L’infezione di solito si verifica nella prima infanzia, ma può manifestarsi in età adulta, quindi, anche se le sieroconversioni osservate possono essere nuovi casi, sono più probabilmente dovute alla risposta immunitaria a un virus precedentemente non rilevato. Allo stesso modo, una persona che perde la sieropositività non può essere considerata libera dal virus ed è molto più probabile che si trovi in uno stato di latenza non rilevabile.
Dei sette herpesvirus esaminati, HSV2 e CMV erano associati all’incidenza di (pre)diabete tra le persone con normale tolleranza al glucosio al basale, che era indipendente da altri fattori di rischio. Le persone con HSV2 avevano il 59% in più di probabilità di sviluppare (pre)diabete rispetto a quelle sieronegative, mentre l’infezione da CMV era associata ad un aumento del 33% nell’incidenza del (pre)diabete.
Lo studio ha rilevato che sia l’HSV2 che il CMV contribuiscono in modo coerente e complementare allo sviluppo del (pre)diabete , anche dopo aver preso in considerazione sesso, età, indice di massa corporea, istruzione, fumo, attività fisica, diabete dei genitori, ipertensione, livelli di lipidi, resistenza all’insulina e digiuno. glucosio.

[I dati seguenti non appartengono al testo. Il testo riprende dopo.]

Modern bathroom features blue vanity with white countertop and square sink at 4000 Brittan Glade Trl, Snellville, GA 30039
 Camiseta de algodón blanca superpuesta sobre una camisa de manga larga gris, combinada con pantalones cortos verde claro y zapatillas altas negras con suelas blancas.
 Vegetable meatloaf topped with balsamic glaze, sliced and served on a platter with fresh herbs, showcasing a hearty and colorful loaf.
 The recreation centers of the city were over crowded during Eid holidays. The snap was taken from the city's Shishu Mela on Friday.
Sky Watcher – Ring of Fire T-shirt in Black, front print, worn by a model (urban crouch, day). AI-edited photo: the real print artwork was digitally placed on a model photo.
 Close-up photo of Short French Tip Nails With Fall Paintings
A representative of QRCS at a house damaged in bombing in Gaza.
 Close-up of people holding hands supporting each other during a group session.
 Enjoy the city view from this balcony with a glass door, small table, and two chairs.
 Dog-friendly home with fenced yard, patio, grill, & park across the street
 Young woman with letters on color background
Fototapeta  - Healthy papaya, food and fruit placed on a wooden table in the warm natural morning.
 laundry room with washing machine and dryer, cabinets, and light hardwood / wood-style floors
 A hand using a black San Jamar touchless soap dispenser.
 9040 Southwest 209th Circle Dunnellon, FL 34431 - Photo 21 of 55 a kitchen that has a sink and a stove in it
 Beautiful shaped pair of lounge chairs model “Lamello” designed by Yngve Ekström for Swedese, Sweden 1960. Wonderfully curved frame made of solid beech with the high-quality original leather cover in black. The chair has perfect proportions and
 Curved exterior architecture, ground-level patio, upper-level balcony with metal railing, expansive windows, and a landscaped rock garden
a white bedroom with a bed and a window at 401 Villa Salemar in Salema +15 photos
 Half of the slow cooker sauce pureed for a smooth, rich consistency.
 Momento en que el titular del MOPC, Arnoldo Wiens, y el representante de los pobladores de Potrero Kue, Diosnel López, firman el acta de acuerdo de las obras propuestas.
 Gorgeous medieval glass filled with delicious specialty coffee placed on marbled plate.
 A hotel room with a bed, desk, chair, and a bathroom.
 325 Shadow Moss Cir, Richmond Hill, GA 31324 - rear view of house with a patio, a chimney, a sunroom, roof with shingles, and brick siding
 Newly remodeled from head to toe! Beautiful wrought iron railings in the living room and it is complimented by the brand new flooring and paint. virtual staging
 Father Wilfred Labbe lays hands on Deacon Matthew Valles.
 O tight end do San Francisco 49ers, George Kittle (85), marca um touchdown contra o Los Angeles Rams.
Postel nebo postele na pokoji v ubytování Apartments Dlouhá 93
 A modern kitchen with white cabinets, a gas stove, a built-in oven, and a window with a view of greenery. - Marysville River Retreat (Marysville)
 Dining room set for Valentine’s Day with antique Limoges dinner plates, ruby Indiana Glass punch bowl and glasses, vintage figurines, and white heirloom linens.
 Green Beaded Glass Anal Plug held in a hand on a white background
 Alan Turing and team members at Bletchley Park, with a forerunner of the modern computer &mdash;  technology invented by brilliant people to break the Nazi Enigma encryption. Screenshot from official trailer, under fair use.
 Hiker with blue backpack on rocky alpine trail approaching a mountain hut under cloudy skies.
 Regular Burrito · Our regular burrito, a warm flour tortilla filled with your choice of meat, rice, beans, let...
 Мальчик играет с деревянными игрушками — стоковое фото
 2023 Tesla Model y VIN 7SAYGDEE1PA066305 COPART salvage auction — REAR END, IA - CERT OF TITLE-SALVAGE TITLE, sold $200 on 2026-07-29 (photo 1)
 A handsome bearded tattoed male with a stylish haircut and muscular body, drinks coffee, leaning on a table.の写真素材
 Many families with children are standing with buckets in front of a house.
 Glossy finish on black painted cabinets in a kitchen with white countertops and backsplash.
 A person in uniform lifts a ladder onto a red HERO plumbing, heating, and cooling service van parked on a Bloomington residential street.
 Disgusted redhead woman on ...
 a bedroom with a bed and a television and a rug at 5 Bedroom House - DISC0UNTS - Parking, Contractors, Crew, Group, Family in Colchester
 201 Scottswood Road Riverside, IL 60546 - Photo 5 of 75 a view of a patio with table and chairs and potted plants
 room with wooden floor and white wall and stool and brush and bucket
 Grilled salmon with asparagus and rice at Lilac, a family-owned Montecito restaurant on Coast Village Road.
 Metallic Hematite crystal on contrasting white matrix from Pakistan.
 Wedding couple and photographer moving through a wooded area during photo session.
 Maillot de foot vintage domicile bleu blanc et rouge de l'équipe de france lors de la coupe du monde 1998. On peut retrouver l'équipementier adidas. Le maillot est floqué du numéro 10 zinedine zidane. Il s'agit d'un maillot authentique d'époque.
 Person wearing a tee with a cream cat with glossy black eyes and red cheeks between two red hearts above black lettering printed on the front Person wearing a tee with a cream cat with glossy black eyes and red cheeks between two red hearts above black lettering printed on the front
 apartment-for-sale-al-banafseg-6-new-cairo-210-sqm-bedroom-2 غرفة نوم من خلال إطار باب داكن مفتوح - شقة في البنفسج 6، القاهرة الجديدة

È stato inoltre riscontrato che l’HSV2 è associato ai livelli di HbA1c, indipendentemente da altri fattori confondenti e dalla prevalenza del (pre)diabete stesso.
Gli autori affermano: "Il nostro studio ha suggerito che mentre l’incidenza del (pre)diabete era spiegata principalmente dall’età, dal BMI, dal colesterolo e dal glucosio a digiuno, sia l’HSV2 che il CMV aggiungevano ulteriori informazioni complementari sul rischio, nonostante l’elevata prevalenza virale e la coesistenza".
Restano da scoprire i meccanismi attraverso i quali questi virus potrebbero contribuire allo sviluppo del (pre)diabete. Sia l’HSV2 che il CMV causano infezioni croniche che potrebbero modulare il sistema immunitario stimolando o sopprimendo la sua attività, che a sua volta può influenzare la funzione del sistema endocrino (ormonale). Precedenti ricerche hanno stabilito che esistono ancora cause sconosciute del T2D oltre a quelle che implicano lo sviluppo della sindrome metabolica.
Gli autori concludono: "Questi risultati evidenziano il legame tra virus e (pre)diabete e la necessità di ulteriori ricerche che valutino le strategie di prevenzione virale nella sanità pubblica, possibilmente includendo lo sviluppo di vaccini efficaci contro l’herpesvirus".